» WHAT TO WORK ON
Given these entries, repeat exactly the lines starting with the one that has "Anushree Reddy - Mint" and going on through the one that has "Label beige 39", both included, but none of the pictures.

Records from a data source:
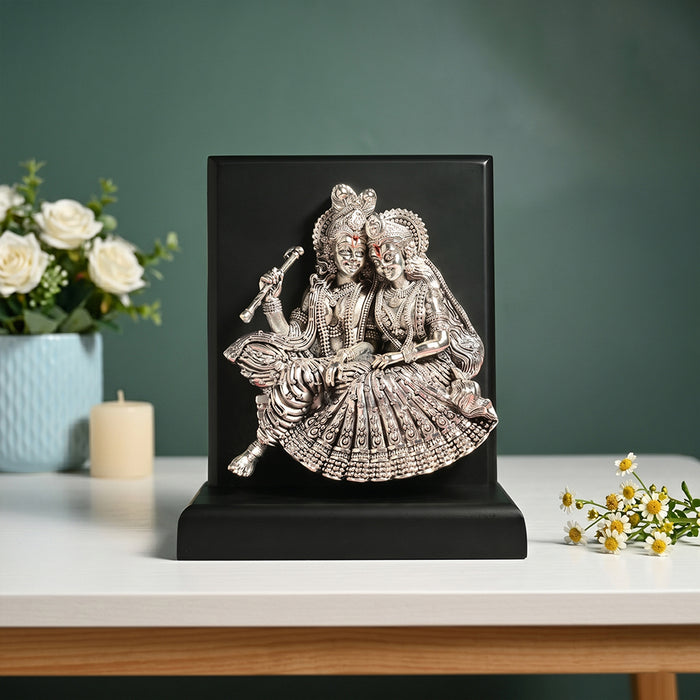 999 Silver Radha Krishna Decorative Idol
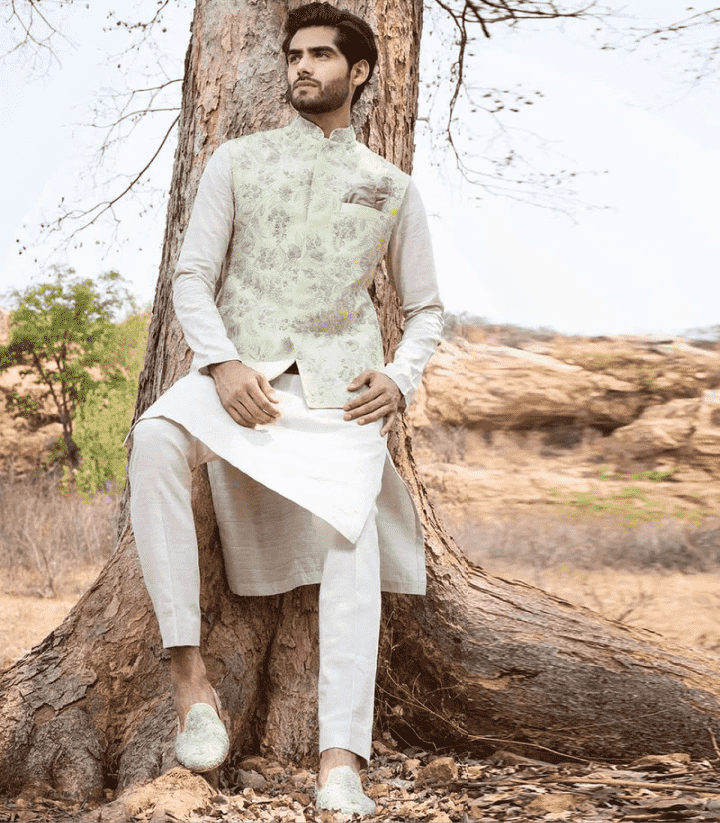 Anushree Reddy - Mint Green Rawsilk bandi set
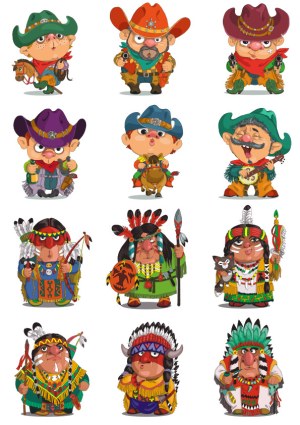 Set of Cartoon Western Cowboys and Native American Chiefs Characters Free Vector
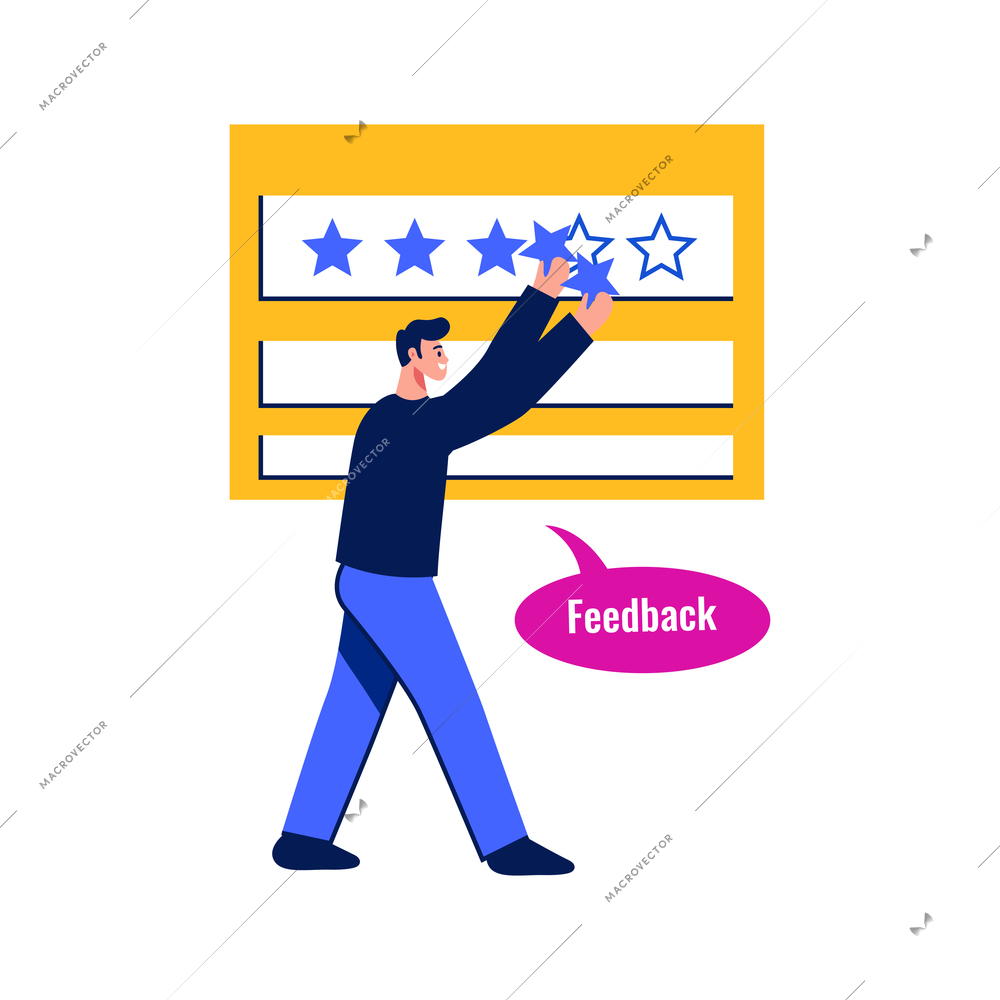 Business marketing concept with happy character leaving feedback flat vector illustration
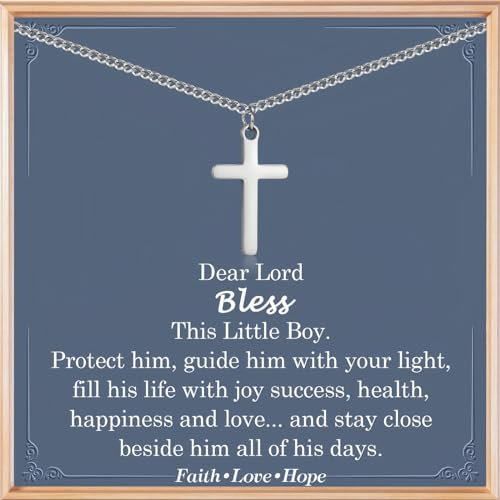 Christening Gift for Boy, Cross Necklace Gifts, Holy Communion Gifts Confirmation Gifts Baptism Gifts for Boys, Silver Chain with Cross Pendant for Son Grandson Nephew Christmas Easter Thanksgiving Da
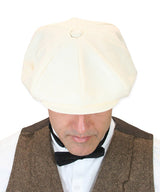 Linen Applejack Cap - Ivory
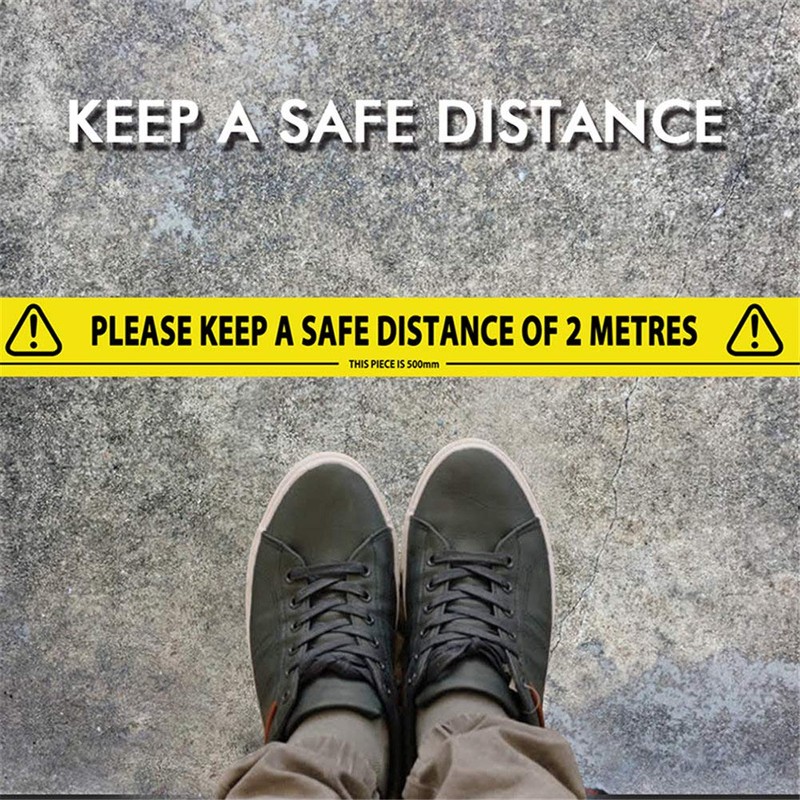 MINGTIAN Safety Tape 2m Metre Aparts Social Safe Distancing Floor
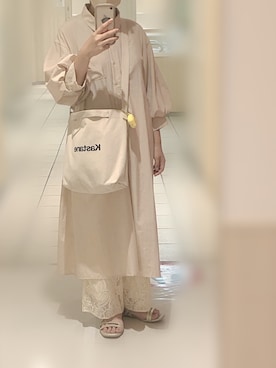 「153cm」｜「アイテム（シャツワンピース）」を使った、kinokoさん（レディース・153cm）の夏コーディネート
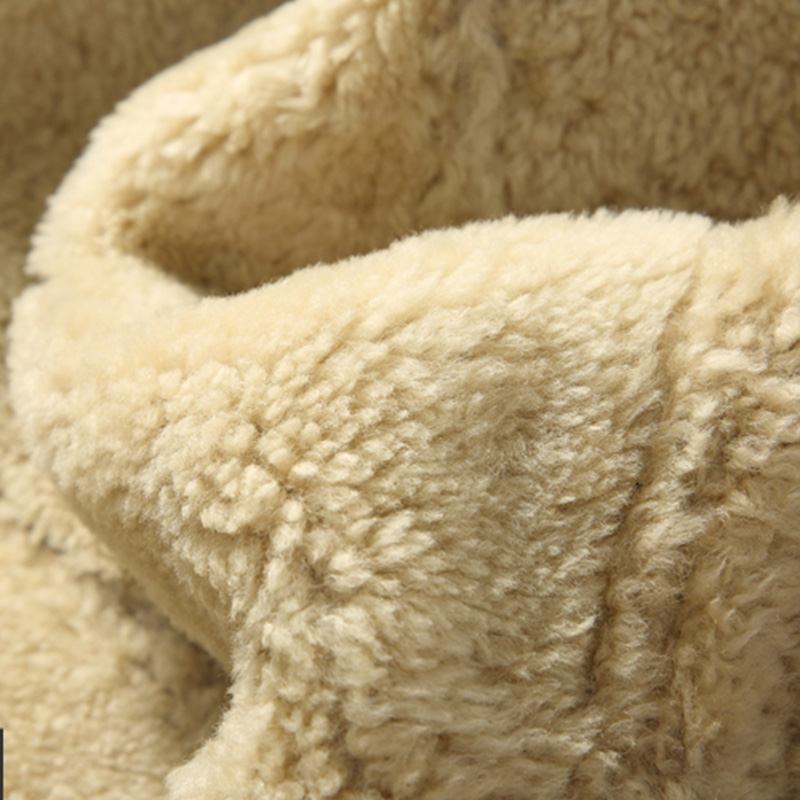 Herr Biker Jacka Big Pocket Shearling Konstläder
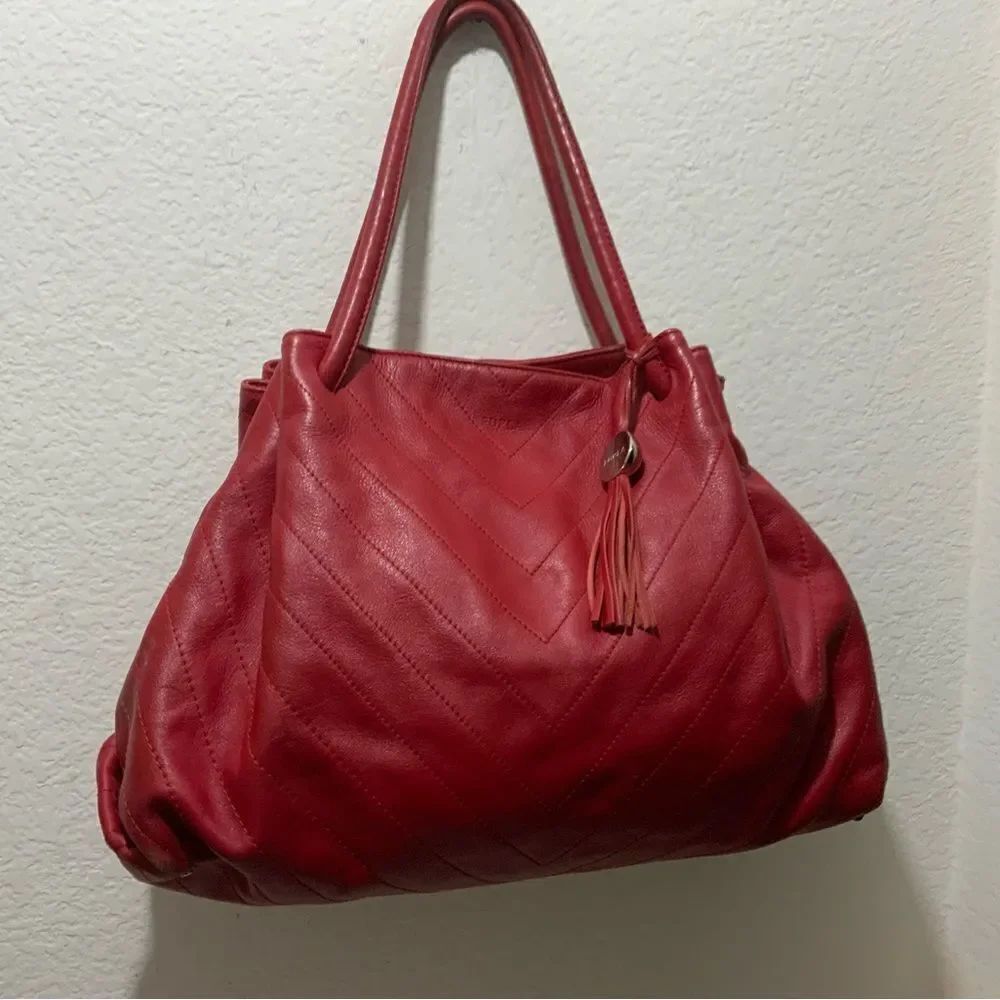 FURLA Red Leather Handbag, Inner pocket, Made in Italy, designer tote
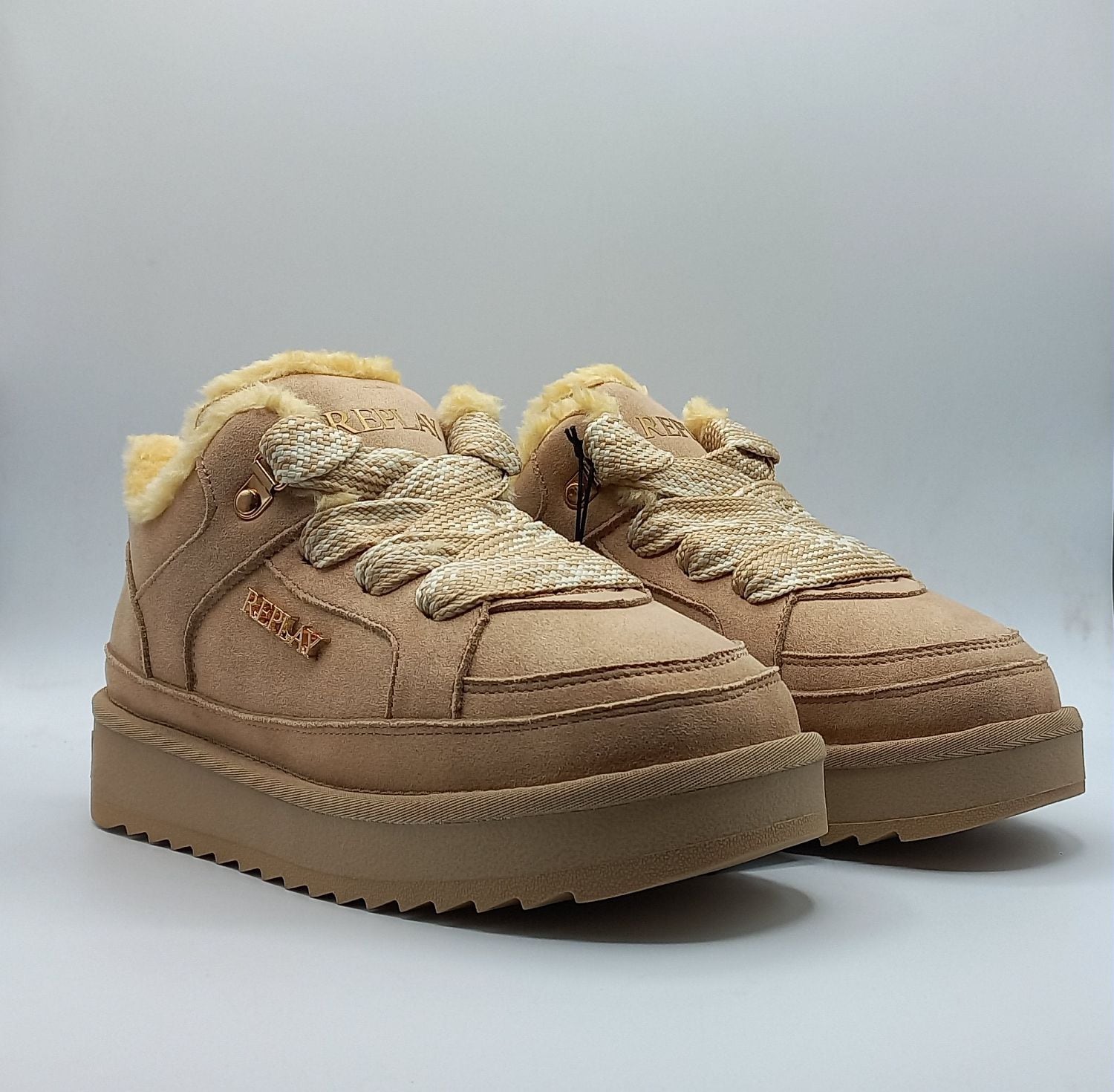 Schnürschuh REPLAY "SANTA RUN", Damen, Gr. 39, beige, Polyamid, Veloursleder, unifarben mit Farbeinsatz, Schuhe Schnürschuh, Sneaker, Plateauschuh mit seitlichem Label beige 39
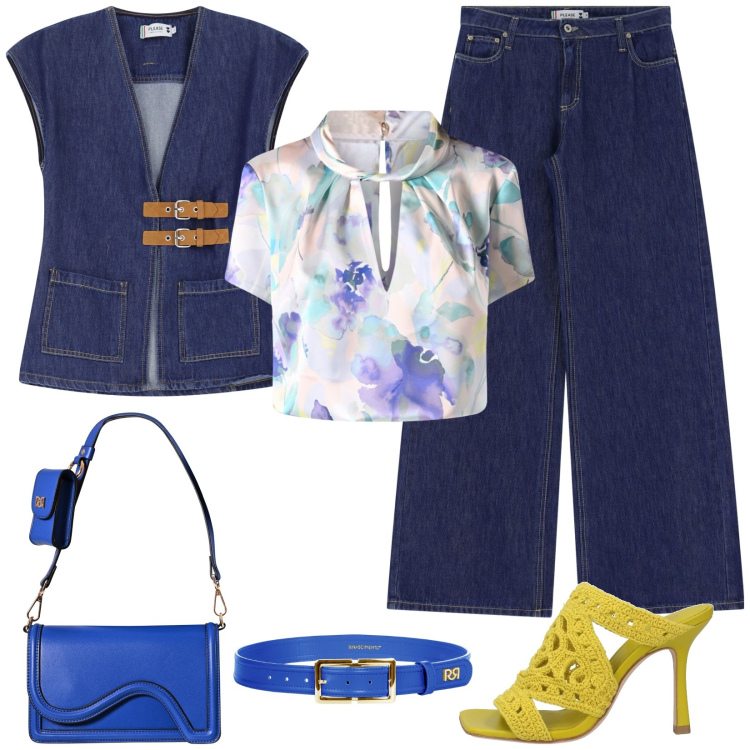 Outfit donna - Chic in denim. Stile Casual chic per Tutti i giorni. Abbinamento con sandali in pelle, bluse, pochette, cinture, jeans, gilet.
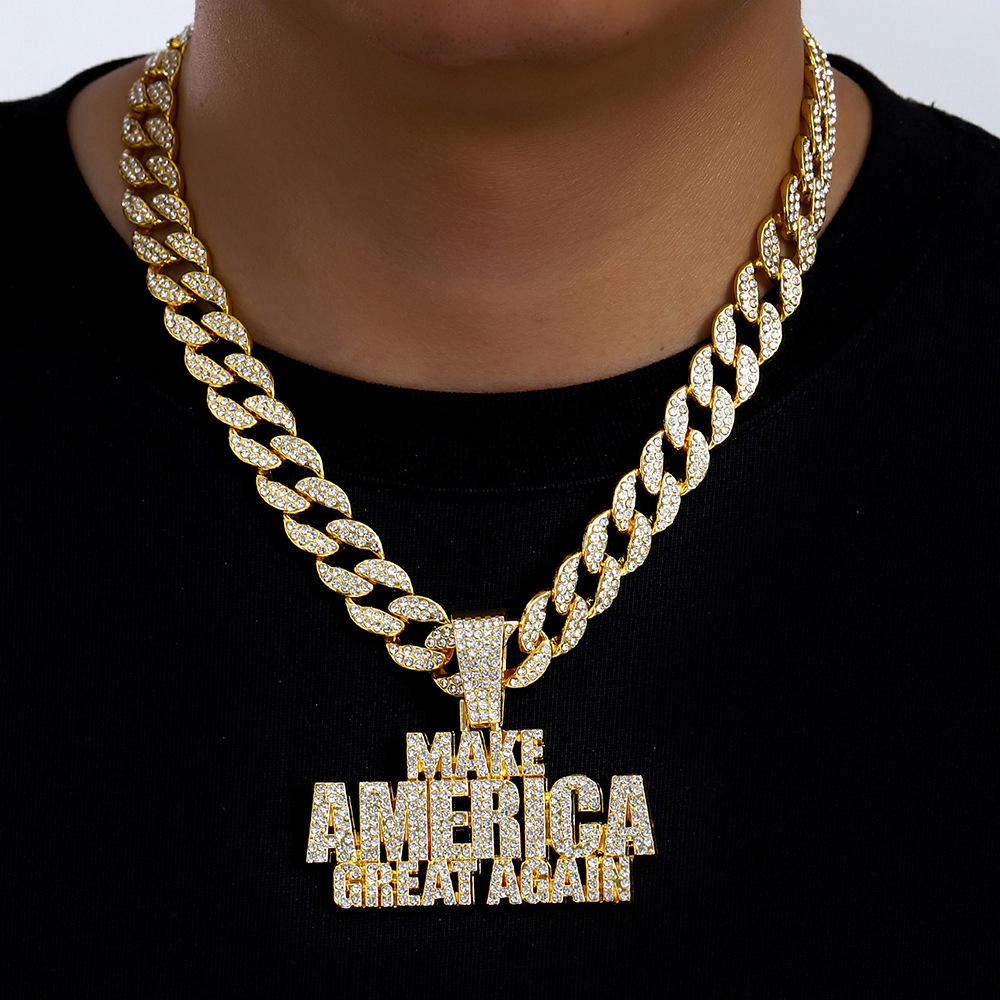 Amazon venta caliente Europa y América Hip Hop accesorios para hombres dominantes llenos de diamantes MAKE AMERICA colgante de letras cadena cubana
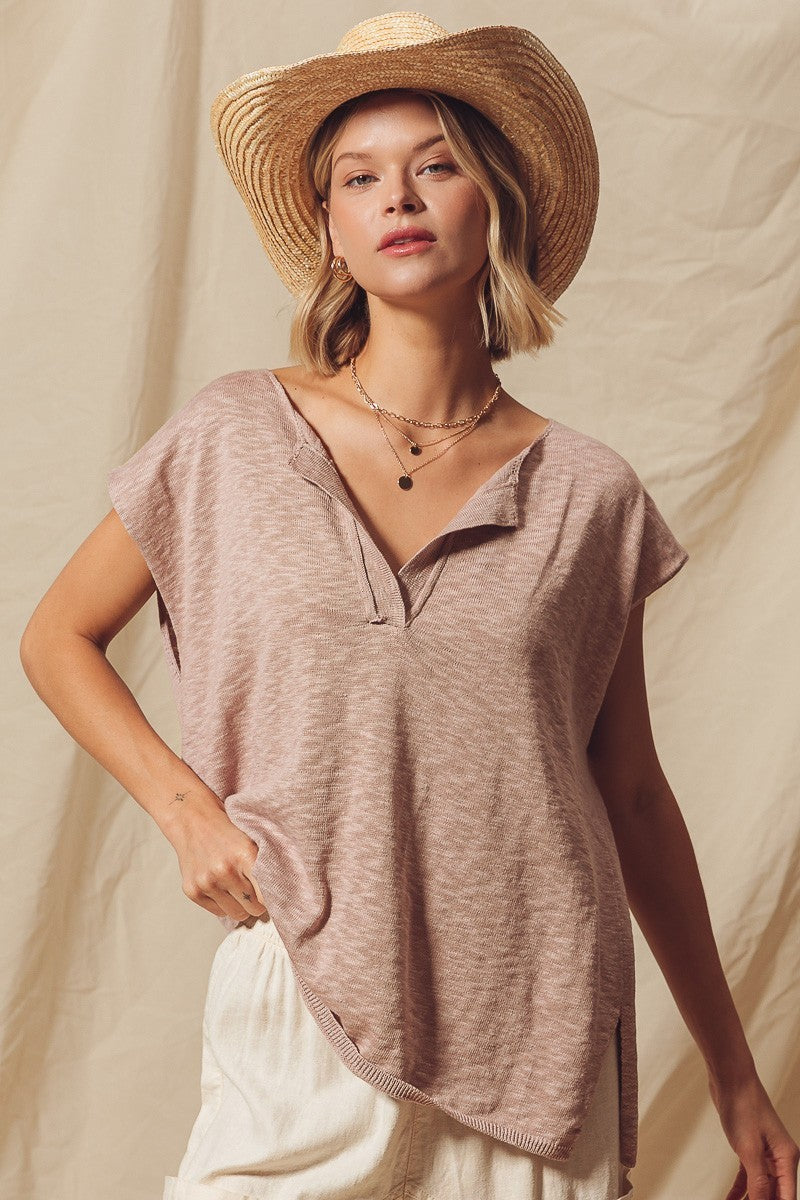 KNITTED OVERSIZED WESTERN TOP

» ANSWER SECTION
 Anushree Reddy - Mint Green Rawsilk bandi set
 Set of Cartoon Western Cowboys and Native American Chiefs Characters Free Vector
 Business marketing concept with happy character leaving feedback flat vector illustration
 Christening Gift for Boy, Cross Necklace Gifts, Holy Communion Gifts Confirmation Gifts Baptism Gifts for Boys, Silver Chain with Cross Pendant for Son Grandson Nephew Christmas Easter Thanksgiving Da
 Linen Applejack Cap - Ivory
 MINGTIAN Safety Tape 2m Metre Aparts Social Safe Distancing Floor
 「153cm」｜「アイテム（シャツワンピース）」を使った、kinokoさん（レディース・153cm）の夏コーディネート
 Herr Biker Jacka Big Pocket Shearling Konstläder
 FURLA Red Leather Handbag, Inner pocket, Made in Italy, designer tote
 Schnürschuh REPLAY "SANTA RUN", Damen, Gr. 39, beige, Polyamid, Veloursleder, unifarben mit Farbeinsatz, Schuhe Schnürschuh, Sneaker, Plateauschuh mit seitlichem Label beige 39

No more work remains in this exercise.